Присмотревшись повнимательней, Элиас брякнул поднос на трехногую — ту самую — табуретку, печального подранка.
— Я тут по дороге Серемонду встретил… Это она не от тебя шла?
— От меня? Она? А, да. Да, от меня.
— И чего ей тут было надо?..
— Кому, ей? Надо?.. Да… так, надо было. Ну, мало ли. Надо.
— Ты с нею поосторожней, — заметил друг уклончиво, втыкая нож в чвякнувший кусок жаркого. — Я тут заметил… Может, мне кажется, конечно, но все-таки… Похоже, она положила на тебя глаз.
— Что?!
— Положила глаз, говорю. То есть, это, строит разные виды…
…И тут непрошибаемого Элиаса ждал очень большой сюрприз. Пожалуй, в последний раз он так дивился своему другу года три назад, когда хилый оруженосец, выкрикивая, как резаный, клич — «Aragon, Aragon!» — всадил копье раненого господина снизу вверх, с земли — глубоко в грудь здоровущему конному мавру с оскаленными от предсмертной ярости зубами…
— Элиас, — сказал медленный, непроницаемый, совершенно нечеловеческий голос, исходивший, однако, из Гийомовых уст. — Элиас, друг мой. Не смей неуважительно отзываться о донне Серемонде… о нашей с тобою доброй и милостивой госпоже. Не смей. Она — лучшая дама во всем мире. Ты понял?..
И пока бедняга Лучше-Всех приходил в себя от пережитого потрясенья, добавил уже тоном помягче:
— И вообще, следил бы ты, что ли, за порядком. Штаны твои дурацкие везде развешаны, просто тьфу… Не жилье рыцарей, а прямо свинарник какой-то! Приличную даму в дверь пускать нельзя…
Она не ошиблась, он действительно пришел. Пришел, хотя этим же вечером неожиданно вернулся эн Раймон — жутко усталый, так что с дороги даже не ополоснул лица, наскоро проглотил холодный ужин и завалился в постель. Но все равно Серемонда думала, что Гийом не решится.
Он постучал, как они уговорились — трижды, с короткими перерывами. Совсем тихонько — рядом были комнаты нескольких других дам. Но она, лежащая без сна, в бешеном возбуждении ожиданья кусая губы и глядя до боли, до зеленых пятен в глазах в тусклый огонек ночника, конечно же, услышала.

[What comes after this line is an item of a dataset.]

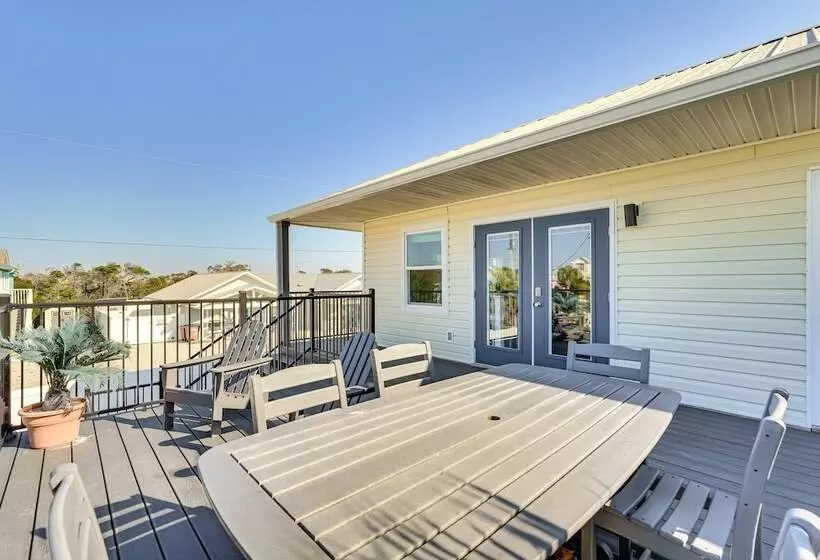 Cape San Blas Home W/ Pool Access: Walk To Beach!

Тук. Тук. Тук. Как три удара сердца.
Серемонда, босая, обжигая стопы о холодный пол, подошла отворять, отодвинула засов. Как только Гийом вошел, вновь заперла дверь — он оглянулся как-то затравленно, как Ивэйн, за спиной которого упала решетка. Запертая дверь, рыцарь, запертая. И ты знаешь, не притворяйся — что обратного хода нет.
Гийом тоже казался страшно взвинченным, дергался от любого шороха. Он пришел в мягких своих, любимых красных башмаках — непозволительное кокетство, последняя мода… Не потому ли Гийомет-жонглер некогда удрал из монастыря за месяц до принятия послушания — что хотел носить цветные шелковые одежды, а не грубую, некрасивую черную гранмонтанскую рясу? Сейчас рубашка Гийома млечным пятном белела в темноте, и Серемонда тихо засмеялась от нервного напряжения, представив, как сначала он шел через двор, а потом по всему зданию цитадели — светясь светлыми волосами и белым шелком, как свечка на Вознесение…
Она дожидалась его тако же в белой рубашке — не в батистовой камизе, а в тоненьком шелке до пят, с широким вырезом, в который то и дело выглядывало ее прозрачно-светящееся плечо. Светильник потрескивал. Чуть коптил.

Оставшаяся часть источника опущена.